Una volta Senna disse: «I ricchi non possono vivere su un’isola circondata da un oceano di povertà. Noi respiriamo tutti la stessa aria. Bisogna dare a tutti una possibilità». Ayrton aveva carisma, una dote che è rara, era forte e bello. Difficile pensare al suo volto, così perfetto, deturpato dalla violenza di una morte assurda.
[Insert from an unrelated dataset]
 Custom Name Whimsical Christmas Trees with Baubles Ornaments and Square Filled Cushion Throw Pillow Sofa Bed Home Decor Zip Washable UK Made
Tutti ricordiamo quel primo maggio, festa dei lavoratori. Quella maledetta corsa non si sarebbe dovuta disputare, così la volta successiva Ayrton avrebbe sventolato, da vincitore, la bandiera bianca e rossa per onorare il suo collega morto. Risentitela, quella canzone, un inno d’amore per un pilota nato in una terra lontana e morto alla stessa età di Ratzenberger, 34 anni. “Il mio nome è Ayrton, e faccio il pilota / E corro veloce per la mia strada / Anche se non è più la stessa strada / Anche se non è più la stessa cosa / Anche se qui non ci sono i piloti / Anche se qui non ci sono bandiere / Anche se forse non è servito a niente / Tanto il circo cambierà città / Tu mi hai detto: chiudi gli occhi e riposa / E io, adesso, chiudo gli occhi”. Con gli occhi chiusi lo ricordiamo anche noi, trent’anni dopo, mentre passa veloce nelle nostre vite, restandoci.